Use of Information Technology for Integrated Reservoir Characterization of Permian Gas Fields of the Hugoton Embayment

Kansas Geological Survey
Open-file Report 2003-29

Introduction

The Hugoton Embayment of southwest Kansas is a premier resource of natural gas in the United States and the world. The Hugoton Field, which is only one of the numerous gas and oil fields in the Hugoton area, is one of the largest gas field in North America and the world. Since 1928, the Permian gas fields of southwestern Kansas, including Hugoton, Panoma, Bradshaw and Byerly, have produced over 29 trillion cubic feet of gas. Hugoton production is a major source of gas and oil for the state and the nation. The major gas fields of this area have produced enough gas to supply every household in Kansas for 364 years, based on present gas consumption rates. In 2001 gas production from the area was 299 billion cubic feet and represents 72% of total Kansas gas production. Oil production in 2001 was 8.3 million barrels. This is over 25% of the state's annual oil production.
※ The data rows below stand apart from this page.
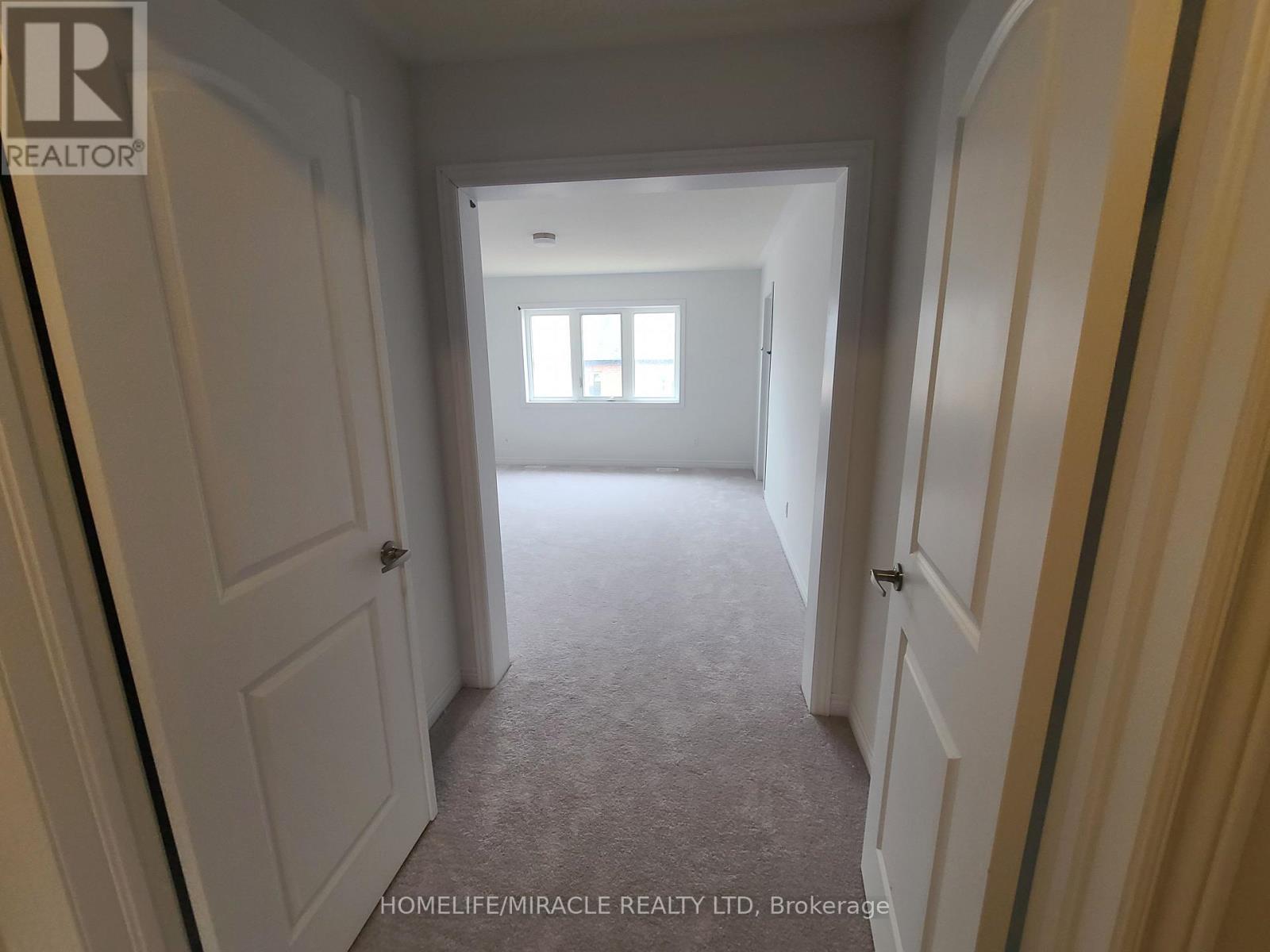 2008 Verne Bowen Street, Oshawa, Ontario  L1L 0S3 - Photo 2 - E12751198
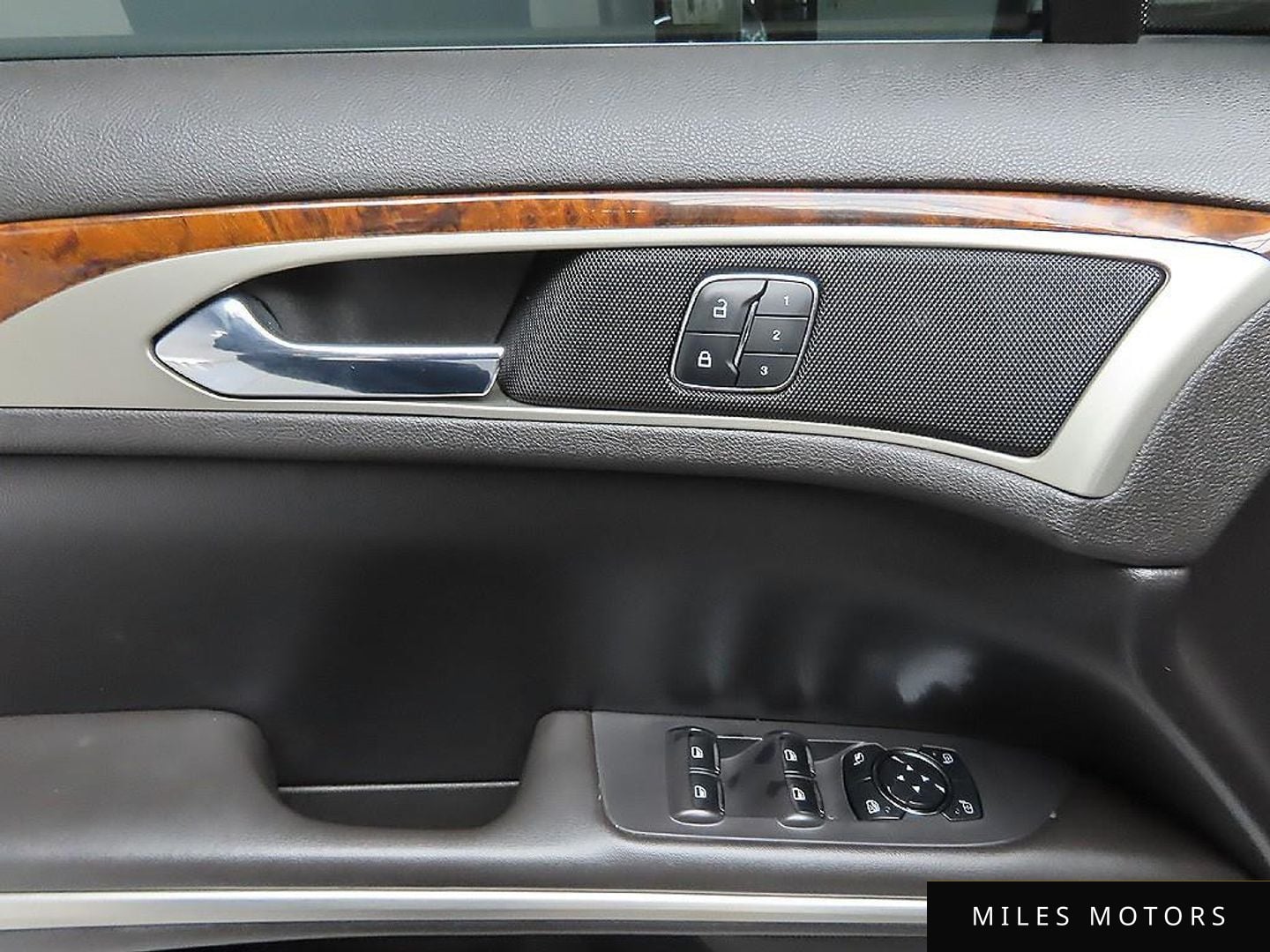 Lincoln MKZ 2014 — миниатюра 12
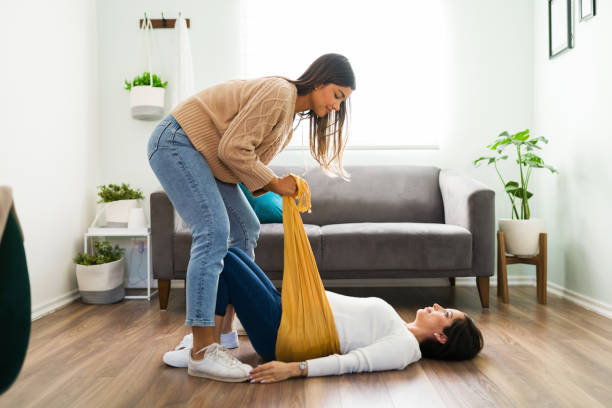 doula latina ajudando uma mulher grávida estressada a relaxar - human pregnancy massaging midwife prenatal care - fotografias e filmes do acervo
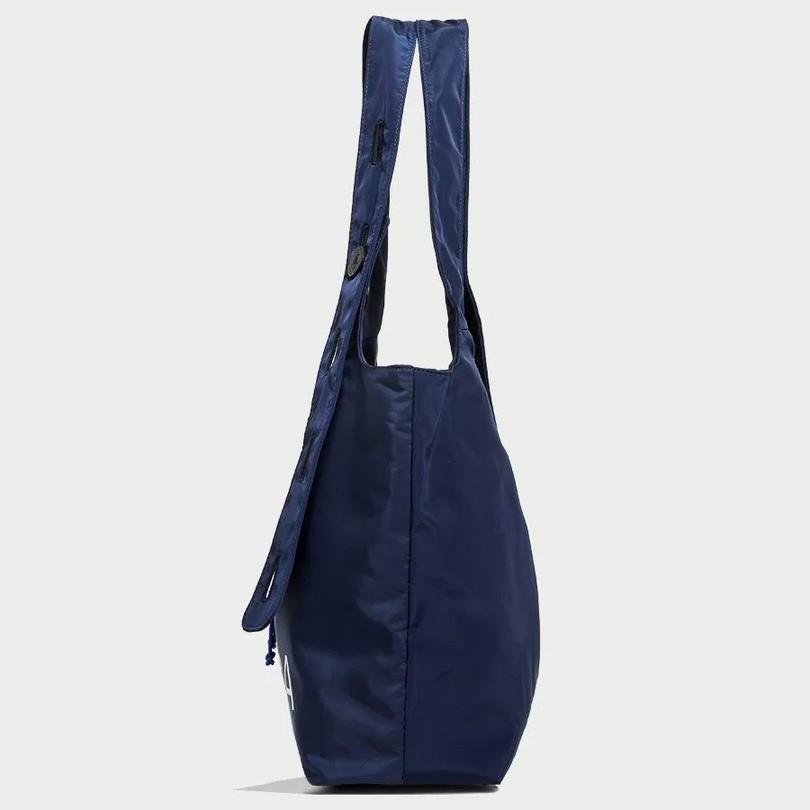 Large Capacity Tote Bag 2026 New Fashionable and Versatile Niche Design Shoulder Bag Simple Commuting Tote Bag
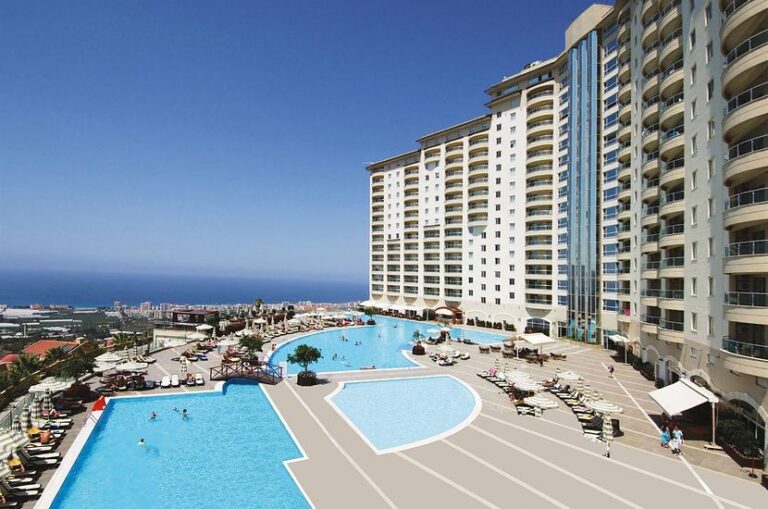 Hotel z restauracją na dachu, Aquaparkiem i kilkoma basenami 🤯☀️ W Turcji od 2 288 zł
The value of the gas and oil produced in the 14 counties of southwest Kansas that comprise the Hugoton area exceeds 50% of the total value of gas and oil produced in the state. Gas and oil production from the Hugoton area of southwest Kansas is important if not critical to the economic health of the region and the state. Any enhancement to production in the Hugoton area helps to maintain the infrastructure necessary for the state's petroleum industry.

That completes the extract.